* Task instructions *
Begin at the line below that holds "Abstract Splash Graphic T-Shirt" and end at the line that holds "712 StarDust SQUARE", transcribing each line exactly and skipping any picture.

BEGIN Recorded data

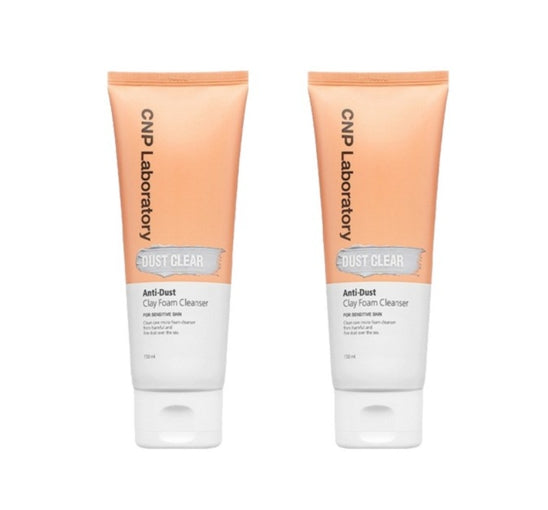 2 x CNP Laboratory Anti-Dust Clay Foam Cleanser 150ml from Korea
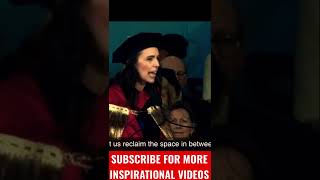 Jacinda Ardern's #inspirational speech at #Harvard to treat differences with empathy \u0026 kindness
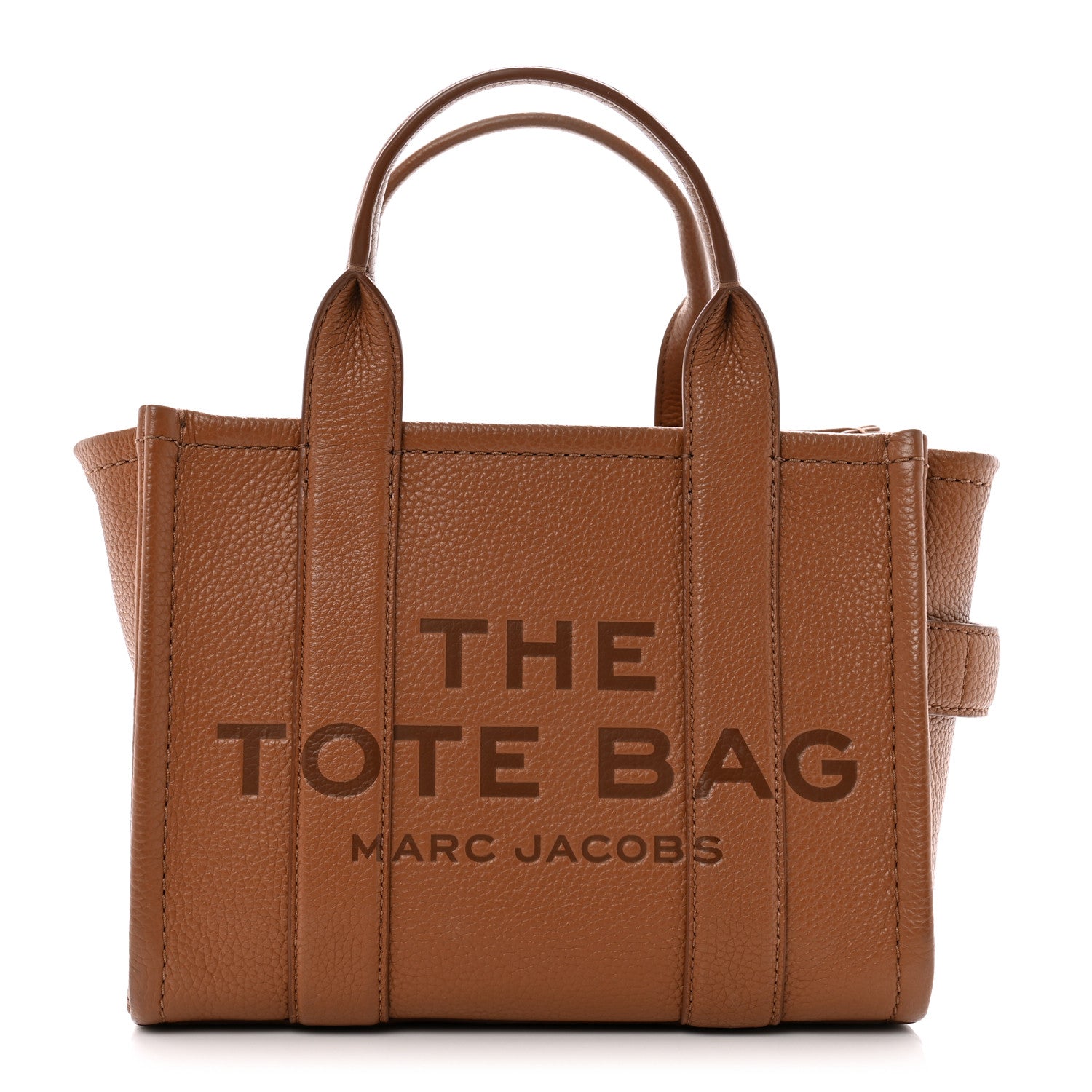 Marc Jacobs Grained Calfskin Small The Tote Bag Argan Oil 1 of 15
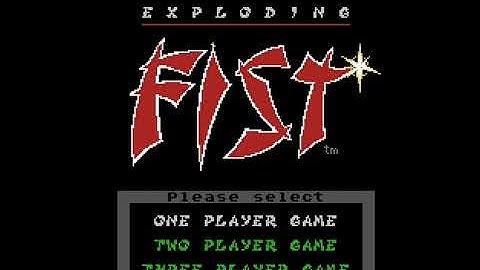 Intro-Demo - Exploding Fist (NES, USA, Prototipo)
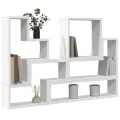 Étagère murale blanc 96x12x64 cm bois d’ingénierie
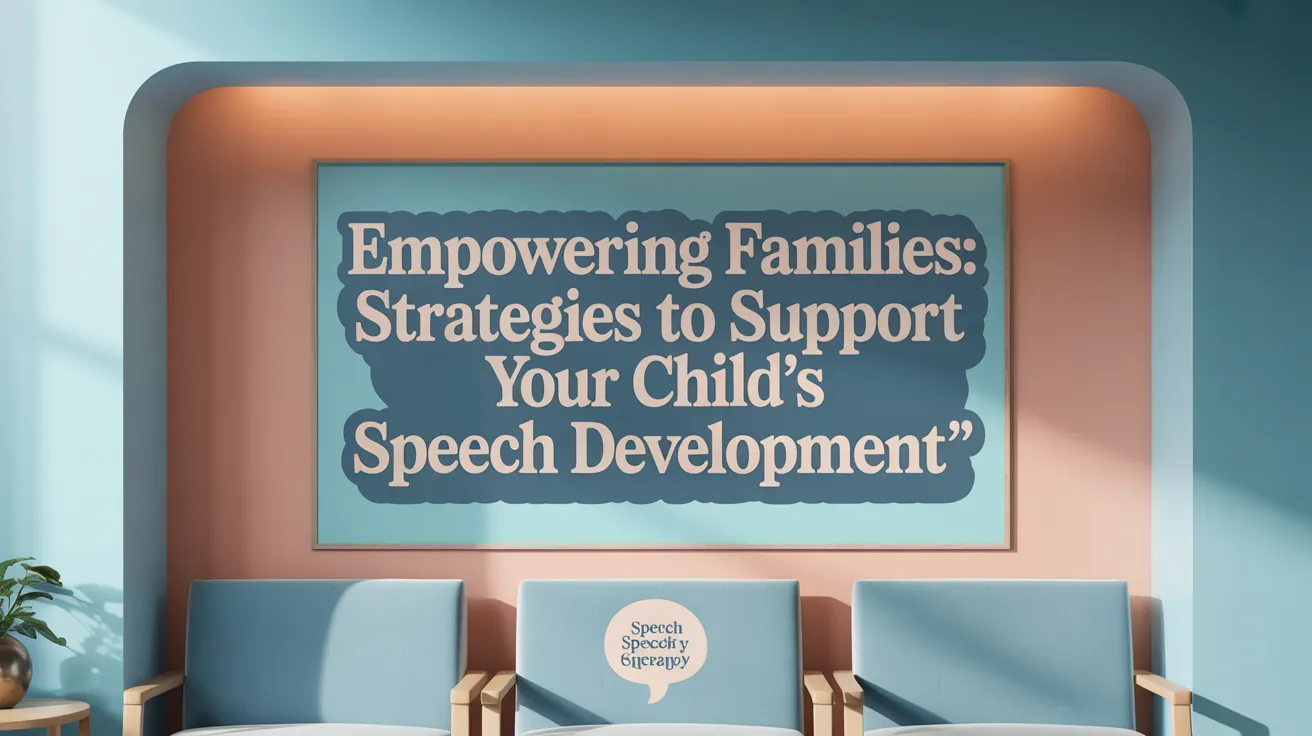 Empowering Families: Strategies to Support Your Child’s Speech Development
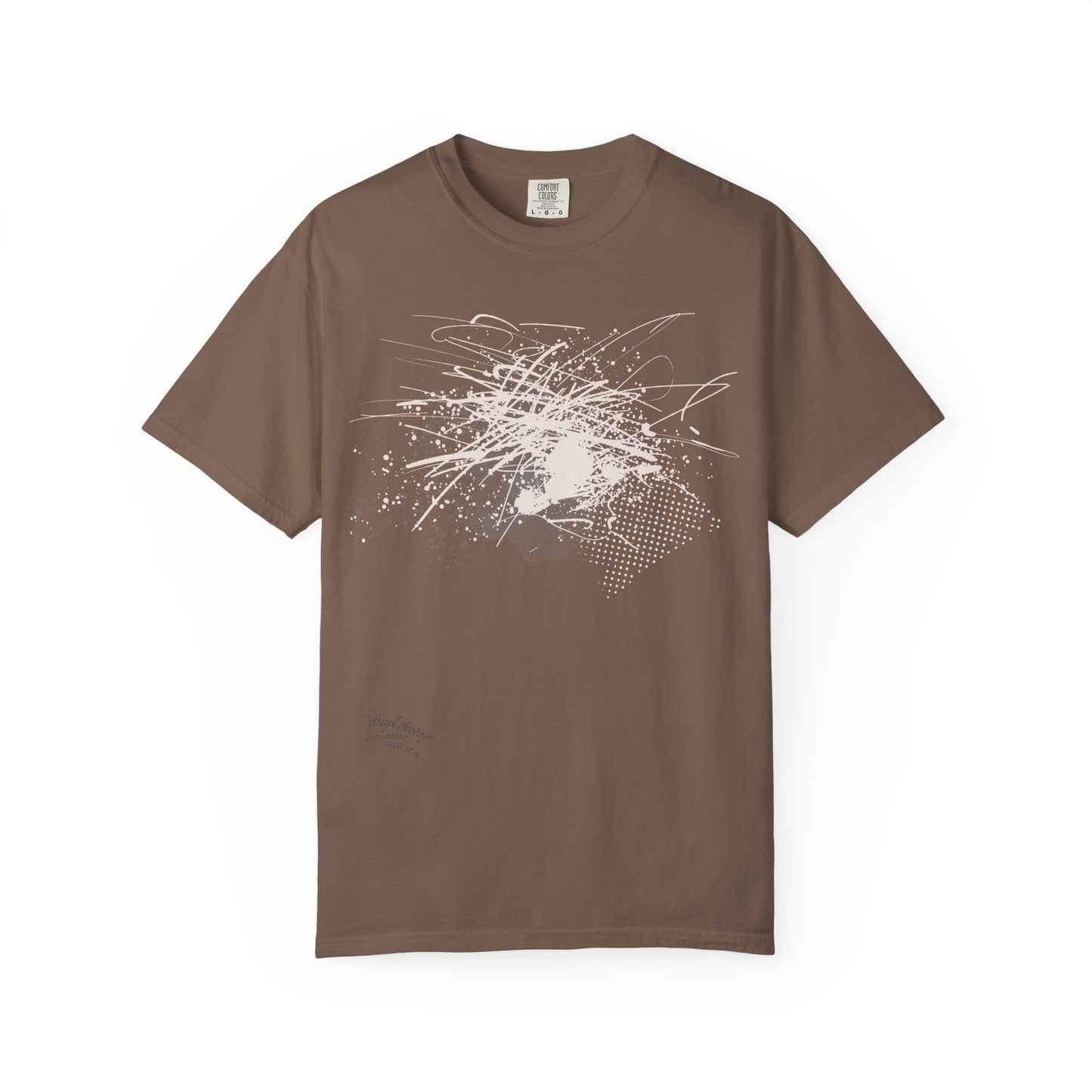 Abstract Splash Graphic T-Shirt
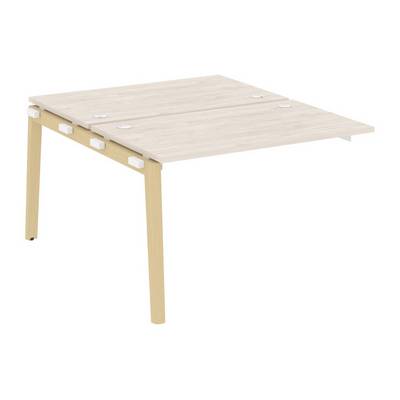 Onix Wood OW.2.NRS-2.7 (Денвер светлый/Дуб светлый) Наборный элемент рабочей станции, опоры - массив дерева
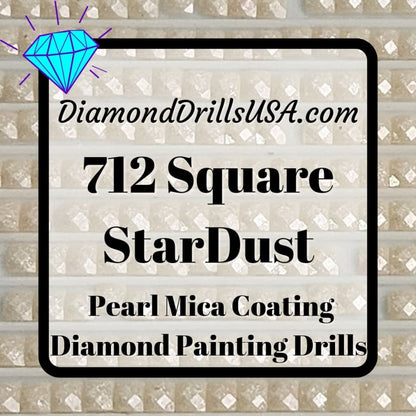 712 StarDust SQUARE Pearl Mica Dust 5D Diamond Painting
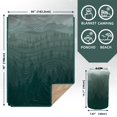 thumbnail image 4 of KawaGebo Kamp Manta para acampar al aire libre con forro Sherpa, mantas de campamento gruesas extra cálidas y poncho suave e hinchado DWR para clima frío, aventura, dormir, mochilero 78 "x 56", 4 of 5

END Recorded data

* Solution to this exercise *
 Abstract Splash Graphic T-Shirt
 Onix Wood OW.2.NRS-2.7 (Денвер светлый/Дуб светлый) Наборный элемент рабочей станции, опоры - массив дерева
 712 StarDust SQUARE Pearl Mica Dust 5D Diamond Painting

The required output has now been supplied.